Problem requirements: Set down only what runs from the line containing "Хром окантовка на" through the last line of the data, exactly as it reads.

(Short descriptive text snippets)

————

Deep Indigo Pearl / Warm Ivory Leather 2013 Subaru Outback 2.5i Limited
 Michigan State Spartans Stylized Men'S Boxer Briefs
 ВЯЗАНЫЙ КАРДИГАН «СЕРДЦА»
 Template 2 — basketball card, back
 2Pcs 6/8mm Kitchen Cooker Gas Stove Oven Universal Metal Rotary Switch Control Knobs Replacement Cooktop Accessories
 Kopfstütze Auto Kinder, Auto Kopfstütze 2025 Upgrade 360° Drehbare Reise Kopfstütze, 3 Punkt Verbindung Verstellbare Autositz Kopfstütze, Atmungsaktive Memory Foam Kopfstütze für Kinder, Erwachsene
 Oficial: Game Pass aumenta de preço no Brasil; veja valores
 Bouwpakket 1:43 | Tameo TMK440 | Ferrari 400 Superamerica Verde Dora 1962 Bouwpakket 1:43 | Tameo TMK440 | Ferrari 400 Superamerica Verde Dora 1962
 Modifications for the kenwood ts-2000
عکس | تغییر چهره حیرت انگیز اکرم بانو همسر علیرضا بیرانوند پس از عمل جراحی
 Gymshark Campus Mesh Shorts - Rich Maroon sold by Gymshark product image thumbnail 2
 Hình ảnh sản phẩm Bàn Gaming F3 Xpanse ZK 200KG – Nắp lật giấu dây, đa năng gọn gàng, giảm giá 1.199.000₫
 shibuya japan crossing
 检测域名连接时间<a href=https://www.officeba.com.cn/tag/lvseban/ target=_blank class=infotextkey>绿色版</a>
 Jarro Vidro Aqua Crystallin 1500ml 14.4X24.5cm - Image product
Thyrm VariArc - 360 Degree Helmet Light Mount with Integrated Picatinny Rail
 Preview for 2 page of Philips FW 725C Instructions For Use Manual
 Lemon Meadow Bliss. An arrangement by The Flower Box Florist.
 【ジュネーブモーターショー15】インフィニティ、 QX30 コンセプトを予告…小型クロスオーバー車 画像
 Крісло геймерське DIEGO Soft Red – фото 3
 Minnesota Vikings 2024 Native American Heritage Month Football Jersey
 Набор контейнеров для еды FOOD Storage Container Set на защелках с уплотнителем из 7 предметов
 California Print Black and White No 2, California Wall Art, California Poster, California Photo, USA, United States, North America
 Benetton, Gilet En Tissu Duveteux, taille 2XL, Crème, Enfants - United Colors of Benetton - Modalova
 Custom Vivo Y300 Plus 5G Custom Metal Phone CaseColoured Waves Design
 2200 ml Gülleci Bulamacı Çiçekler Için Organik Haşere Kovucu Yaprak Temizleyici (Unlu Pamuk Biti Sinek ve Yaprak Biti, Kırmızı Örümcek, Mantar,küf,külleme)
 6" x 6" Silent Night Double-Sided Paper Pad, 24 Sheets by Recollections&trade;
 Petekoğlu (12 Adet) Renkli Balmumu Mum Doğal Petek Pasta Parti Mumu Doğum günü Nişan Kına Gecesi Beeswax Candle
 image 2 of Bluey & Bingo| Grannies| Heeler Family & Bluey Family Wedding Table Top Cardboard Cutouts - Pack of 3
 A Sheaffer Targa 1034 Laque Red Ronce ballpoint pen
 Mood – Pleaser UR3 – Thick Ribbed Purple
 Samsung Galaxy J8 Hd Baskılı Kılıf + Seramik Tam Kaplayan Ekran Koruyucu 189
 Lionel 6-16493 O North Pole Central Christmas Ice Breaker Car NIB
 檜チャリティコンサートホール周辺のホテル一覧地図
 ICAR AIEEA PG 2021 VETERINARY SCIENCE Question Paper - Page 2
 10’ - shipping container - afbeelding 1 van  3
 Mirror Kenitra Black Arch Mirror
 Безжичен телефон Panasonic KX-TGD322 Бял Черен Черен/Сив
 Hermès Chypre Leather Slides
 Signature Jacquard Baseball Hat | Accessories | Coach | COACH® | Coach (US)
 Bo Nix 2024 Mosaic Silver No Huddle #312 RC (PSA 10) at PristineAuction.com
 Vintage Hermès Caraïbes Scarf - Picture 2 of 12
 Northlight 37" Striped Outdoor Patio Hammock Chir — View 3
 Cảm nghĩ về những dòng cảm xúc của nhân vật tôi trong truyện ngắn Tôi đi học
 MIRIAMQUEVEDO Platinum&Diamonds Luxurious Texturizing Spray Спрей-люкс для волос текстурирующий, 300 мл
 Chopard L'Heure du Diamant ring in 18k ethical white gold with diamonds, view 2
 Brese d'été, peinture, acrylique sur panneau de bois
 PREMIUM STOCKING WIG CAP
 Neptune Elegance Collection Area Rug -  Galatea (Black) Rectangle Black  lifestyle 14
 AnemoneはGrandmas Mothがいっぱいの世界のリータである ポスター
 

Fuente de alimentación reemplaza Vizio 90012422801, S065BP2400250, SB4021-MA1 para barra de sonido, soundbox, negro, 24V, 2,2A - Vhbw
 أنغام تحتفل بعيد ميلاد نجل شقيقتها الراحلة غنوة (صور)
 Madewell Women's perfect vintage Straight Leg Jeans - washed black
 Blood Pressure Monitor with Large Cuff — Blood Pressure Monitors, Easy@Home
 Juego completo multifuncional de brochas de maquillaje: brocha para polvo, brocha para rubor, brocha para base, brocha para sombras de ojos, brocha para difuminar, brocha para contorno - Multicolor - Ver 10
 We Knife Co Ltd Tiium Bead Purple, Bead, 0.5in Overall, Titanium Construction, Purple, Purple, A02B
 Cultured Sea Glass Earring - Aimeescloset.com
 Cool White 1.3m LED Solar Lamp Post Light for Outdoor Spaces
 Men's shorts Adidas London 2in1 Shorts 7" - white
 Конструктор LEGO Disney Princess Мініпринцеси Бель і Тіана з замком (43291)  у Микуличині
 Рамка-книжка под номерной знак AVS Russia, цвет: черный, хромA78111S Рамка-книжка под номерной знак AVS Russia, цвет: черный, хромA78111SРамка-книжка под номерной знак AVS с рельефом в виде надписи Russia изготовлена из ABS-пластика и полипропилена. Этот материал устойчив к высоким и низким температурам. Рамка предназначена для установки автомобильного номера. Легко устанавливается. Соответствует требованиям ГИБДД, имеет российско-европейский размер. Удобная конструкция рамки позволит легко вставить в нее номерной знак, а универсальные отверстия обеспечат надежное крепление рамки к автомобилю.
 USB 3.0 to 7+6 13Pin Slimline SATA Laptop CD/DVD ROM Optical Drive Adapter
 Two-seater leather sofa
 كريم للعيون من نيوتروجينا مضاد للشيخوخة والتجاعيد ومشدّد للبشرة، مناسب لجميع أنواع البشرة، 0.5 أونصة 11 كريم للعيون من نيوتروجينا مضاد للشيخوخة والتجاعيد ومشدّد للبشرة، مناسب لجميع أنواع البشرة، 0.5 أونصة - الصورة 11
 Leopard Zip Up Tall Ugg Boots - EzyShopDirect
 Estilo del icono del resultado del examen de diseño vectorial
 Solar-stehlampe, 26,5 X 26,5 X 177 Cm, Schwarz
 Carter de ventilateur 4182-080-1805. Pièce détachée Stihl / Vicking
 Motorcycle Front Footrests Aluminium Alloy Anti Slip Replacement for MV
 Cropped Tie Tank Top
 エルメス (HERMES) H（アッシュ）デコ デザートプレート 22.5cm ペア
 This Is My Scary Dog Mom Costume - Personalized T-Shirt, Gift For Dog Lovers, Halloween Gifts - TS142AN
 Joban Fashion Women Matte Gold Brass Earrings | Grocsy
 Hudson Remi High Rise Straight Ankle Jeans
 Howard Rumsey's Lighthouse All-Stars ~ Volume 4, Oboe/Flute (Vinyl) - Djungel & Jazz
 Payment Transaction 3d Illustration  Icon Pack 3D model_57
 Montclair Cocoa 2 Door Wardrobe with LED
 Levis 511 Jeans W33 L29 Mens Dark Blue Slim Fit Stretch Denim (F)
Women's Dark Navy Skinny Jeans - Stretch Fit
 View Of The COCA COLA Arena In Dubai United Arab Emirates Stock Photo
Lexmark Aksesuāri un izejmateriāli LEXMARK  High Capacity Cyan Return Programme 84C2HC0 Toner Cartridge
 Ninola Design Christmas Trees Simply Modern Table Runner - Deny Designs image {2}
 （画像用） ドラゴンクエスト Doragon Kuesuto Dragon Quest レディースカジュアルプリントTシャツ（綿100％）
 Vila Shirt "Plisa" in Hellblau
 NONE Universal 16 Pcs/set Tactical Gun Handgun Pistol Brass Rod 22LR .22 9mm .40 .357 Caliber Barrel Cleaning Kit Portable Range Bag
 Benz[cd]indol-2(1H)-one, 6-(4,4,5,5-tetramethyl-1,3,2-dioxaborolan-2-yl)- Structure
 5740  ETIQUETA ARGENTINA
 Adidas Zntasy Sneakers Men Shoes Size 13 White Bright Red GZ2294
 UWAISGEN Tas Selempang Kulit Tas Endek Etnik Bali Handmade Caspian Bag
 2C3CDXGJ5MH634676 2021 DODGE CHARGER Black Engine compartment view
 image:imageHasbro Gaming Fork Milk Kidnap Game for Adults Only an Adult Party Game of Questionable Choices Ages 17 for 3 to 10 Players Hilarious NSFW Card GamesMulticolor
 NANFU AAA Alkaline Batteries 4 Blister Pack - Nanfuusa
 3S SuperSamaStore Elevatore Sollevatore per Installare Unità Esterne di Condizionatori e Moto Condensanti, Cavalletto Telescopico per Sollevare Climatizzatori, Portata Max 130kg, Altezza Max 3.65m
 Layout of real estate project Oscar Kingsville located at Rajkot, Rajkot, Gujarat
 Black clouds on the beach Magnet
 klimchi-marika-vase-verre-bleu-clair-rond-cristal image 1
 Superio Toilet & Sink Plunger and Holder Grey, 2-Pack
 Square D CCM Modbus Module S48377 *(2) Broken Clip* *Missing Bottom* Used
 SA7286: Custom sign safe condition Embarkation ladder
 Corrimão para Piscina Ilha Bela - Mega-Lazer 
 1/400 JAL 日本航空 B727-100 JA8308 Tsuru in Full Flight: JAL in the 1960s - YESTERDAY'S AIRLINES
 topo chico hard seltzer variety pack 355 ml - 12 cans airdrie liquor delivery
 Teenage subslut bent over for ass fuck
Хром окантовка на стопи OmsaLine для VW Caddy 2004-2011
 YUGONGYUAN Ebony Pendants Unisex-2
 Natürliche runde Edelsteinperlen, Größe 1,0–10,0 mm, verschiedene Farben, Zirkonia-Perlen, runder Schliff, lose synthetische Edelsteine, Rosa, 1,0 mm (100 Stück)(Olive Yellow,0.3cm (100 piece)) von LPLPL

————

Answer below:
Хром окантовка на стопи OmsaLine для VW Caddy 2004-2011
 YUGONGYUAN Ebony Pendants Unisex-2
 Natürliche runde Edelsteinperlen, Größe 1,0–10,0 mm, verschiedene Farben, Zirkonia-Perlen, runder Schliff, lose synthetische Edelsteine, Rosa, 1,0 mm (100 Stück)(Olive Yellow,0.3cm (100 piece)) von LPLPL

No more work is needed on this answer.